WHAT THE TASK ASKS: If a line below contains the word "Prisoners", count it; give only the total.

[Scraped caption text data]
○ ○ ○ ○ ○ ○ ○
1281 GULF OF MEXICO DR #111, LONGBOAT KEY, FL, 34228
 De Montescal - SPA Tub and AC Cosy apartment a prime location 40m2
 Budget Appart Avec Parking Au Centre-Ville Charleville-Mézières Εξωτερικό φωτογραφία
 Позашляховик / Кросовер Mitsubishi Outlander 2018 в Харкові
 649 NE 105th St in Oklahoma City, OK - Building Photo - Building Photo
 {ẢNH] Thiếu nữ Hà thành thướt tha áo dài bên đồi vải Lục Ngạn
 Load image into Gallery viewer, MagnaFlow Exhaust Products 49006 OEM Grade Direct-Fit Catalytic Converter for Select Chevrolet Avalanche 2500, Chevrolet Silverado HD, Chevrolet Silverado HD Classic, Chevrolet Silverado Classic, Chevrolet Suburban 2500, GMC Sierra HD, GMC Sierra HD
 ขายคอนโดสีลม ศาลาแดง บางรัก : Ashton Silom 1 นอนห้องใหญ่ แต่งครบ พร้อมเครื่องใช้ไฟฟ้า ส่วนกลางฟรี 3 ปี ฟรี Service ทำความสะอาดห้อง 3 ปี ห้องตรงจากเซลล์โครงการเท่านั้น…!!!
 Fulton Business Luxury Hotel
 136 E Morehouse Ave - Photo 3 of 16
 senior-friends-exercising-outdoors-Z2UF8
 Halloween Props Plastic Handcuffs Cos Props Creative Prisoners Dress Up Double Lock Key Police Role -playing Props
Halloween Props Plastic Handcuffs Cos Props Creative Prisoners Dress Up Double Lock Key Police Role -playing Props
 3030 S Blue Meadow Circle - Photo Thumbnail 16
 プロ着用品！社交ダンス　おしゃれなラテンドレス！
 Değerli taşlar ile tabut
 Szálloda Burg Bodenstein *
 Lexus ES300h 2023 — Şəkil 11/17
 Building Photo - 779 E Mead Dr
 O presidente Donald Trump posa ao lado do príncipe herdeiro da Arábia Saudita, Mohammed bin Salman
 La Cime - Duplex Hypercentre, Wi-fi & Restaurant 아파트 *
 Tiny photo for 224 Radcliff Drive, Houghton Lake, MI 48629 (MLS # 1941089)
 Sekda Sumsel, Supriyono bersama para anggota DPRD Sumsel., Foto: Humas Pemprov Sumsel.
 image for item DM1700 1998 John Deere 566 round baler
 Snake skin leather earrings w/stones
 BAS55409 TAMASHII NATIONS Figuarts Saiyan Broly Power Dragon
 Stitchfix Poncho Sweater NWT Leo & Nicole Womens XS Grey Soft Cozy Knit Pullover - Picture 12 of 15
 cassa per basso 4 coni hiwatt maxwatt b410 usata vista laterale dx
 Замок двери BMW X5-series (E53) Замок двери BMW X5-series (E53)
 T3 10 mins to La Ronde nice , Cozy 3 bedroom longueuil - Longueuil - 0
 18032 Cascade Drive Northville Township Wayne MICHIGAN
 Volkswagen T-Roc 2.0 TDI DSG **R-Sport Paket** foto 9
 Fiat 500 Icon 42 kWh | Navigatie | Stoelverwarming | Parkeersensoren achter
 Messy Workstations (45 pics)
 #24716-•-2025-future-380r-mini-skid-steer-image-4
○ ○ ○ ○ ○ ○ ○
RESPONSE BELOW: 2